When Cassie was a kid, she and her mom made the trek once or twice a year to visit her father’s grave. A native Vermonter born in 1890 in Underhill, he is buried in the tiny, old farm town of Berkshire, up near the Canadian border. The trip involved a circuitous route from Woodstock up Route 100 to Stowe and the steeply winding Smugglers’ Notch Road to the wide-open flat farmlands of Bakersfield into Enosburg Falls where they stayed with her parents’ longtime friends, Helen and Carl Converse — who always gave them a warm welcome to their neat Cape on Orchard Street. But one place on the way always intrigued Cassie — how many times did she and her mom drive by the road in Fairfield marked by a sign pointing to the birthplace of Chester Arthur, 21st president of the U.S.A. (He was one of two born in Vermont, the other being the more well-known Calvin Coolidge.) Cassie always advocated for stopping but somehow there was never time. That was in the 1960s and early 70s and that historic site remains a road never taken.

Tim remembers always being excited going places he’d never been before. His first experience of the ocean was in Toms River, New Jersey visiting his uncle, aunt and cousins. He remembers visiting his paternal grandmother in Largo, Florida, driving all the way from Pennsylvania in a new 1965 Chevy Bel Air in July with no air conditioning.
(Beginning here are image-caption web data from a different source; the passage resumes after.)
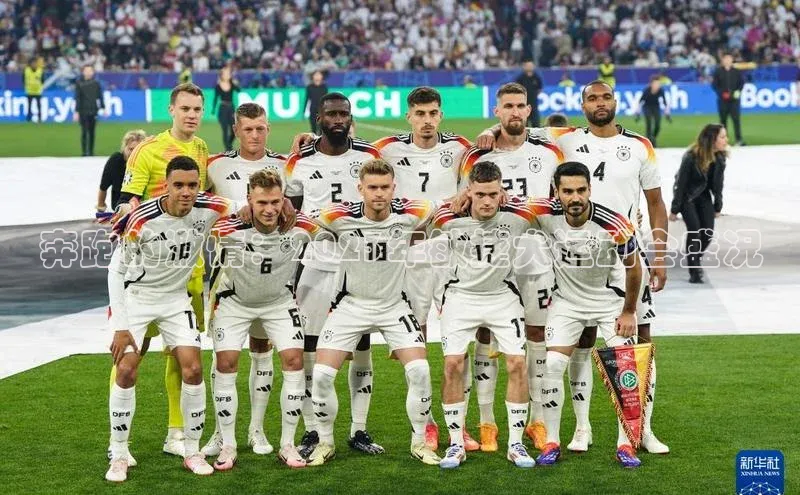 3377体育网页入口中文在线奔跑的激情：2023年敏捷犬运动会盛况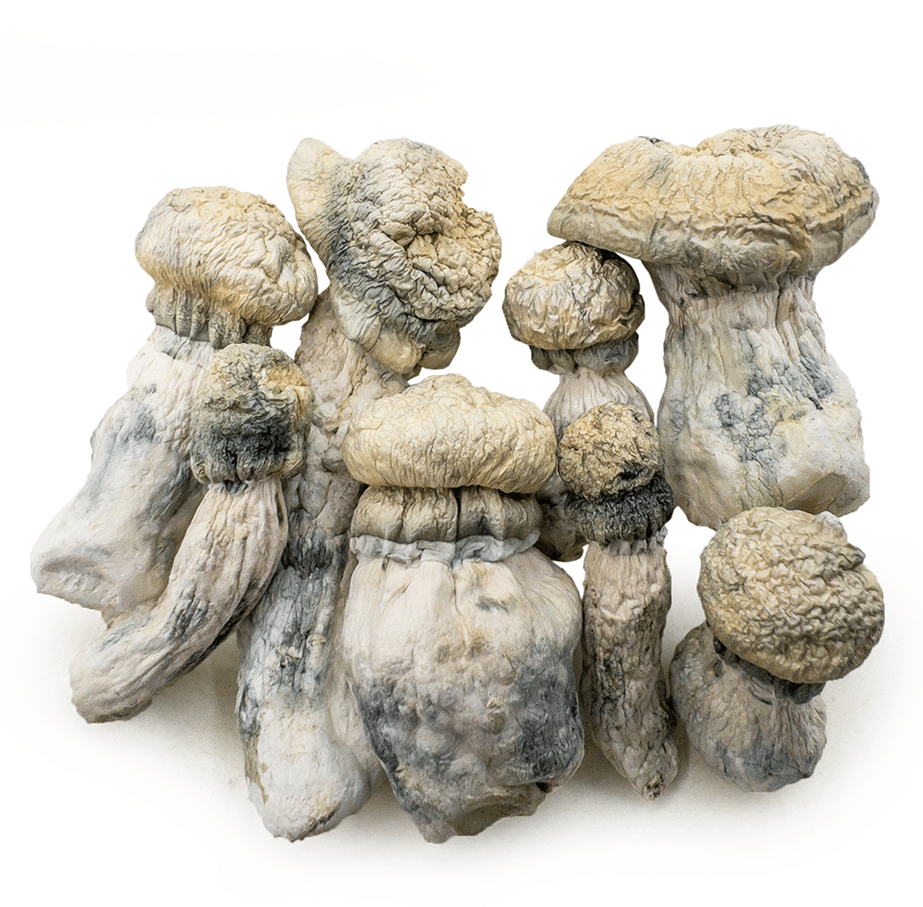 albino-penis-envy-shrooms-0320-e1742493857581 albino penis envy shrooms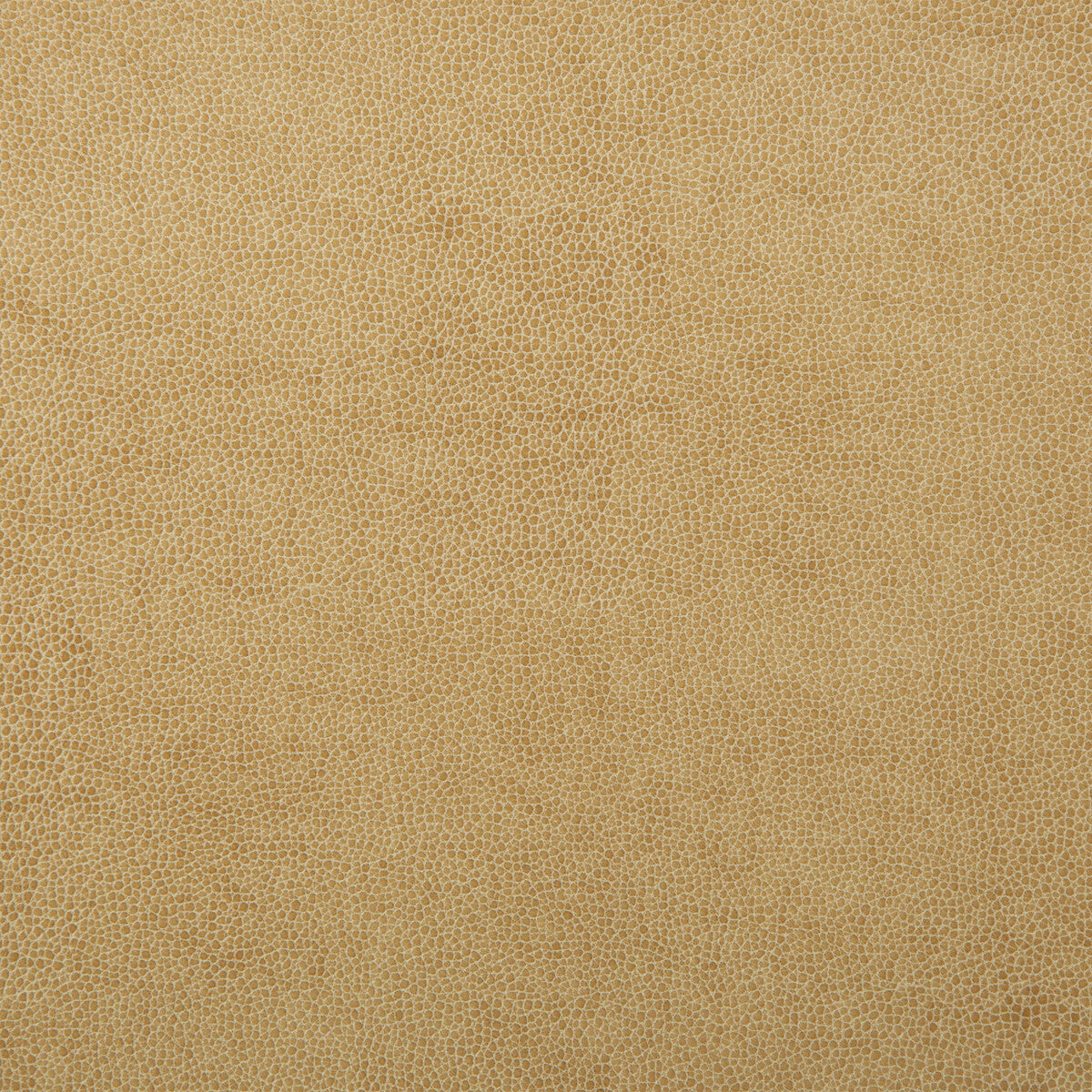 sparta10-kravet-design-sparta-1-kravet-design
He admits to being envious of a childhood friend, Lee, whose New York City-employed father took Lee and the rest of his family on a road trip to see Mount Rushmore. Tim’s very Irish maternal grandmother always told everyone to “go and do everything you can while you’re young enough to do it, don’t wait!” To date, Mount Rushmore has not been on the itinerary, though.

This sentiment brings us to Fall 2014 when, after hundreds of times driving by the beautiful rock ledge overlook known as Deer Leap on Route 4 at the height of land in Killington, we finally stopped and made the ascent on a glorious autumn day. We were in the company of dozens of hikers, in twos and threes and larger family groups, including some wellbehaved canines, following the path trod smooth by thousands of feet over many years. The foliage views were stunning, and the atmosphere friendly and relaxed. However we might feel about missed places, like Chester Arthur’s humble birthplace or the exalted Mount Rushmore, Deer Leap met our expectations set by what we had so often gazed up to from Route 4. So, in the words of Tim’s grandma, if there is a place you have been thinking of visiting this fall, “Don’t wait!”